# Let $f\colon\Bbb R\to \Bbb R-\{3\}$ be a function such that there exist $T>0$ with $f(x+T)=\frac{f(x)-5}{f(x)-3}$ for every $x\in\Bbb R$.

Let $f\colon \Bbb R\to \Bbb R-\{3\}$ be a function with the property that there exist $T>0$ such that $f(x+T)=\frac{f(x)-5}{f(x)-3}$ for every $x\in \Bbb R$. Prove that $f(x)$ is periodic and find the period of $f(x)$.

For $f(x)$ to be periodic, we need to prove $f(x+\lambda)=f(x)$, where $\lambda$ is the fundamental period of $f(x)$. But there seems no path to prove this in the given definition of the function.
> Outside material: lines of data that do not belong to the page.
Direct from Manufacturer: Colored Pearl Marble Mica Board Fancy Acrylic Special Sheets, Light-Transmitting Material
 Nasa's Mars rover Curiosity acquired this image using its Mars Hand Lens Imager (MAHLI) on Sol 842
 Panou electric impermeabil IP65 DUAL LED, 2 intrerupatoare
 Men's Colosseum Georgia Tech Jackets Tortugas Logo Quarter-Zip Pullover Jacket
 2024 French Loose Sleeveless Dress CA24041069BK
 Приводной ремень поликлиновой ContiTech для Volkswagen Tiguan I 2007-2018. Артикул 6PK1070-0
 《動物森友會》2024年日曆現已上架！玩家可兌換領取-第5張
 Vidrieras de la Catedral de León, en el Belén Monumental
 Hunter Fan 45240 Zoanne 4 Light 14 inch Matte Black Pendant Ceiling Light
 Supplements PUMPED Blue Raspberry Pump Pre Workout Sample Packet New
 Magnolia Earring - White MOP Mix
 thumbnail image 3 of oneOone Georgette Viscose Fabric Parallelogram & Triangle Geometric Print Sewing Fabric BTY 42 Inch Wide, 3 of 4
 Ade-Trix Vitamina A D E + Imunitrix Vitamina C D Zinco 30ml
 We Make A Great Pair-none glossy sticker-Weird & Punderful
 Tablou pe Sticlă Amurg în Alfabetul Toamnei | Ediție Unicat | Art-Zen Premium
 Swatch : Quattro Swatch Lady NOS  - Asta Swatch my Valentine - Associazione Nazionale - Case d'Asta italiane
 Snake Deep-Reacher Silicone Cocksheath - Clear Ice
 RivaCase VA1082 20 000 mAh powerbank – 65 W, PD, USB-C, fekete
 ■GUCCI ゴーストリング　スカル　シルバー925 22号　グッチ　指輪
Please help me.

Well I seem to have found something $$f(x)=\frac{f(x)-5}{f(x)-3}$$ replace $x \rightarrow x+T$ to get $$f(x+2T)=\frac{2f(x)-5}{f(x)-2}$$ now once again replace $x \rightarrow x+2T$ to get $$f(x+4T)=f(x)$$
Hint: Find expressions of the form $f(x+kT)=\frac{a_kx+b_k}{c_kx+d_k}$, for $k=0$ (trivial), $k=1$ (given), $k=2$, $k=3$, and so on. You'll be surprised (soon enough).